Thanks for your article, great stuff. Just one simple question if I start using IPVanish with the workaround in the config file as described. Is traffic going to plex.tv still secured and connected over the VPN with the exception in the config file?
Hi John, thanks for reading. The answer to your question is yes and no. The traffic to plex.tv is secure and encrypted because it goes out over HTTPS, but it is not going through your VPN. The rule that is added to the config file tells IPVanish to allow your computer to connect directly to plex.tv.

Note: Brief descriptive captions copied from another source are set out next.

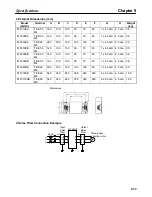 Preview for 394 page of Omron SYSDRIVE 3G3FV User Manual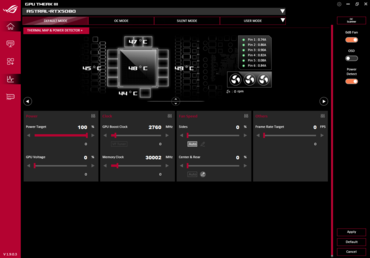 Utilità Asus GPU Tweak III con indicatore 12V-2x6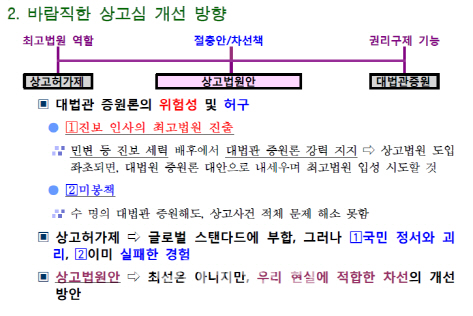 양승태 행정처, "대법원에 민변 등 진보세력 입성 위험" 규정(종합)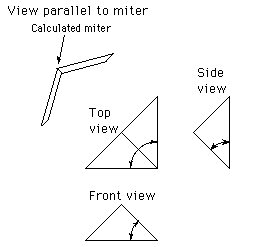 bar-rail-angles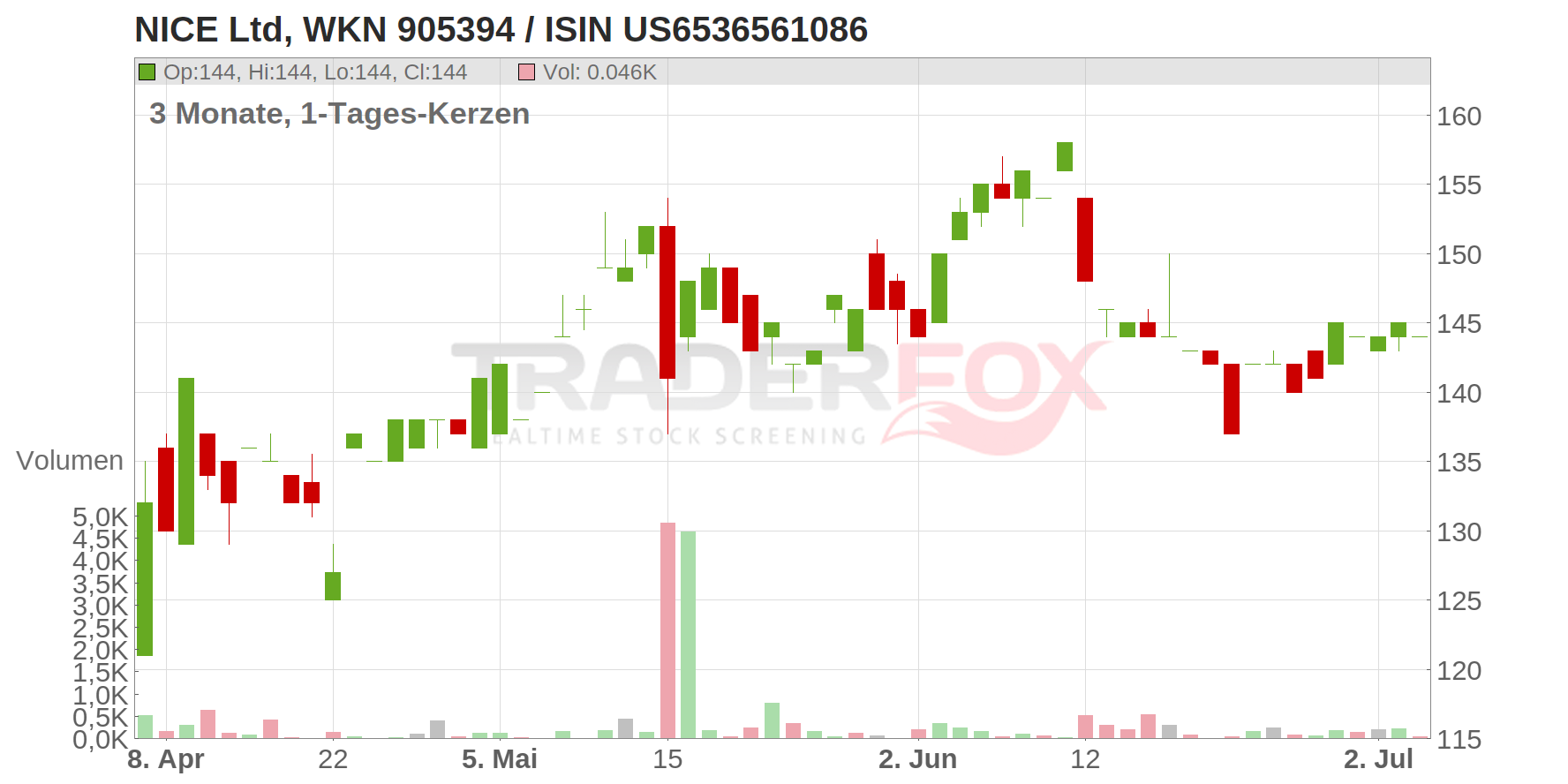 Nice Ltd. (ADRs) Chart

In order to protect your privacy, Plex issues an SSL certificate to every account and turns on encryption by default. You can read more about how they secure your streams here: https://www.plex.tv/blog/its-not-easy-being-green-secure-communication-arrives/
There are a few reasons why I recommend doing things this way, but the biggest one is speed. Streaming videos takes a lot of bandwidth, and encrypting big streams takes tons of processing power. Encrypting a 10Mbps 1080p stream with standard 2048-bit RSA encryption is going to be difficult unless you have an expensive processor. It’s also redundant, since we’re already using SSL over HTTPS.

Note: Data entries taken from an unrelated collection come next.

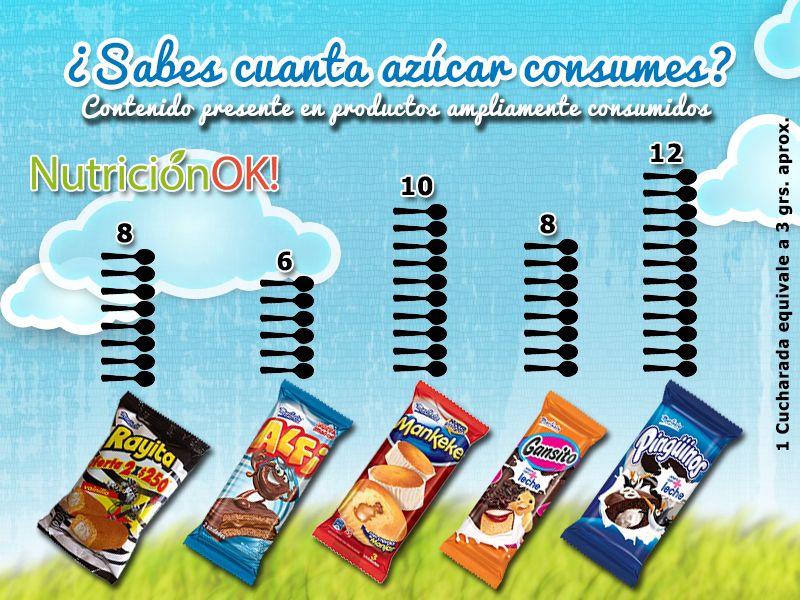 Cantidad de azucar en los alimentos chile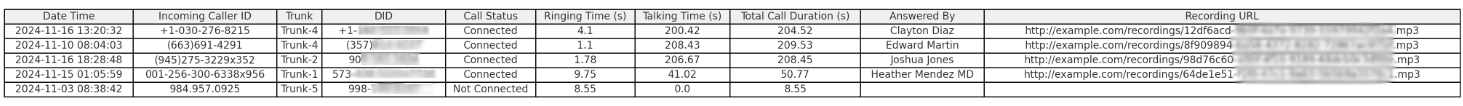 Inbound Call Report Overview Report chiamate in entrata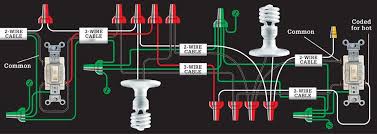 Each type of switch has a alternative fable and as a result get the various outlets. Circuit Maps The Complete Guide To Wiring Black Decker Cool Springs Press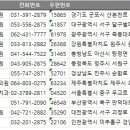 복음치과의원 이미지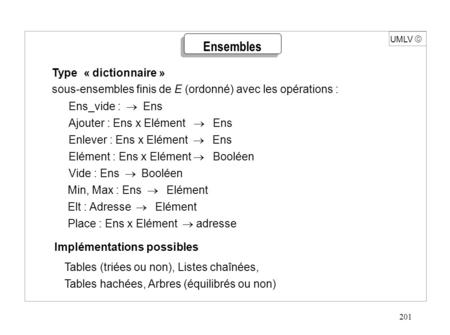 201 UMLV  Type « dictionnaire » sous-ensembles finis de E (ordonné) avec les opérations : Ens_vide :  Ens Ajouter : Ens x Elément  Ens Enlever.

If you absolutely want a double layer of security and you don’t have a pretty fast 6th gen i7 processor, I’d recommend lowering your remote stream bitrate to 4Mbps 720p in Plex’s Remote Access settings.

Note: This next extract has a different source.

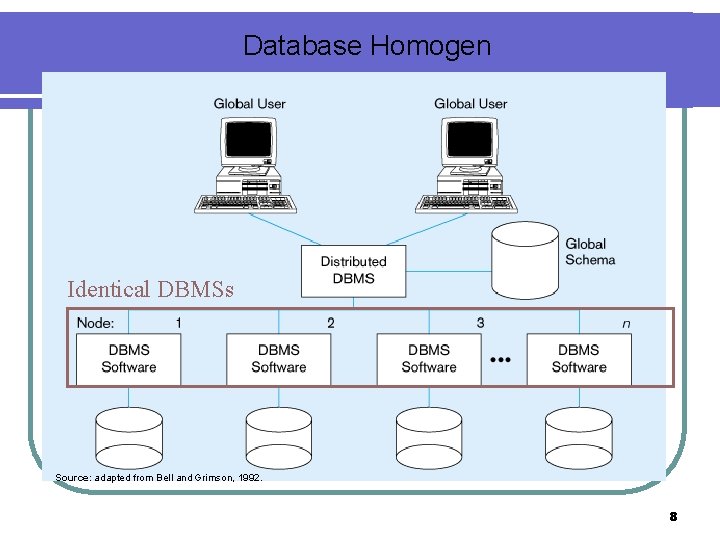 Database Homogen Identical DBMSs Source: adapted from Bell and Grimson, 1992. 8 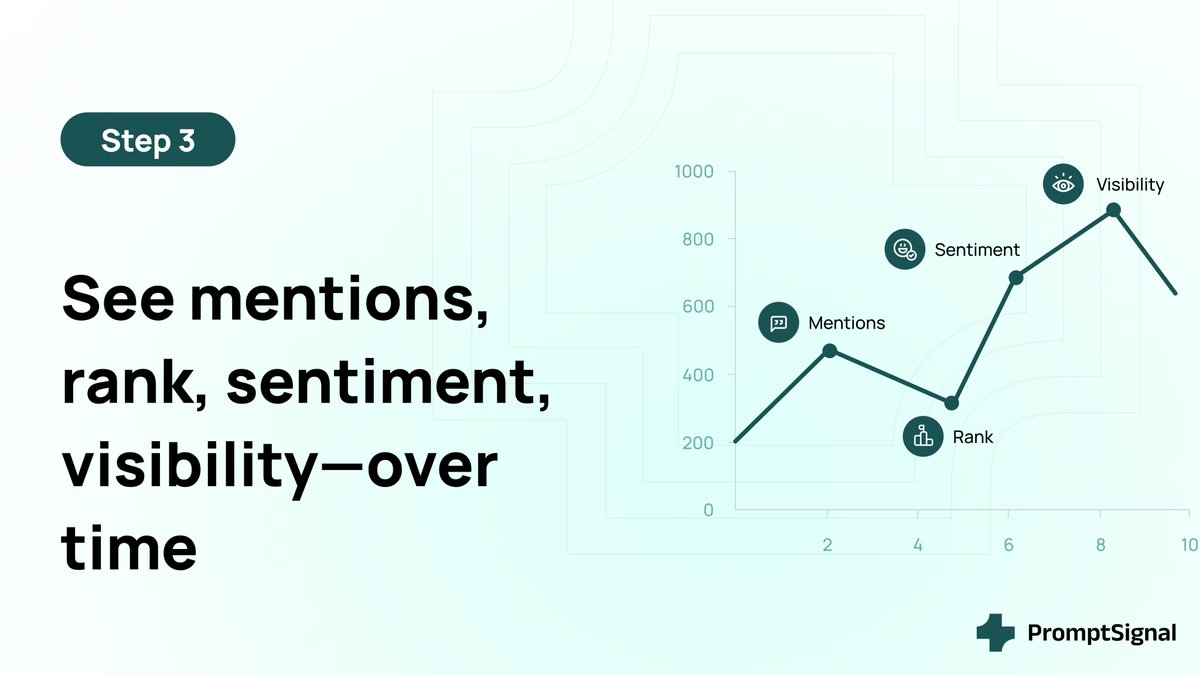 prompt_signal's tweet photo. Add prompts → daily LLM checks → visibility &amp; ranking insights. 

🔗 https://t.co/X6WFf6dXeX https://t.co/DJJf3wj4sJ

I appreciate the question. I feel like I could have probably made this more clear in the guide and I’ll probably end up revising it.
Thanks for the reply, very clear now. Good one, keep it up!
Thanks for posting such a great article!
Without getting into details or preferred VPN’s. I currently use ExpressVPN, but I’m not sure about the config file. There is an option in the app to allow/deny some or all apps. Is this VPN sufficient for my Plex server or would you recommend changing to something else?
Hi! Thanks for reading, I appreciate it.
You absolutely should allow the Plex app, but it won’t solve the entire problem. You’ll also need to manually add a route for plex.tv in your config file. You’ll probably need to search their site for info on how to edit ExpressVPN config files.
I haven’t heard anything bad about ExpressVPN, but I think it’s too hard to work with sometimes. We like IPVanish better. It uses a single, master IPVanish.config file, so you can add a static route like this in one place and be done with it. I’m not super familiar with ExpressVPN, but I think you’ll need to add the static route to plex.tv in every VPN server’s config file.
Let me know if I can help with anything else.
I thought I’d give IPVanish a try, and I really like the service (plus it may save me a few bucks each month), however, when I try to edit the config file I get access denied. I’m an administrator on this computer. All efforts to change permissions have failed – any ideas?
Glad you gave it a shot! I’d make sure that IPVanish isn’t running when you edit the main config file. If that fixes it, I should make it clearer in the guide.
I had the same issue, and simply opening notepad with ‘run as administrator’ then opening the config file worked for me.
Hey Aaron, would it be possible for you to explain this process for purevpn?
Hi Sean, thanks for reading and commenting. I’d really rather not get into stuff for PureVPN, and I wish you’d stop using it. They advertise themselves as not keeping any logs on their users, but they apparently do and are willing to turn them over https://torrentfreak.com/purevpn-logs-helped-fbi-net-alleged-cyberstalker-171009/
I don’t want to turn this into a sales pitch for IPVanish, but we recommend it for a reason. At the very least I hope you’ll think about finding a better VPN provider.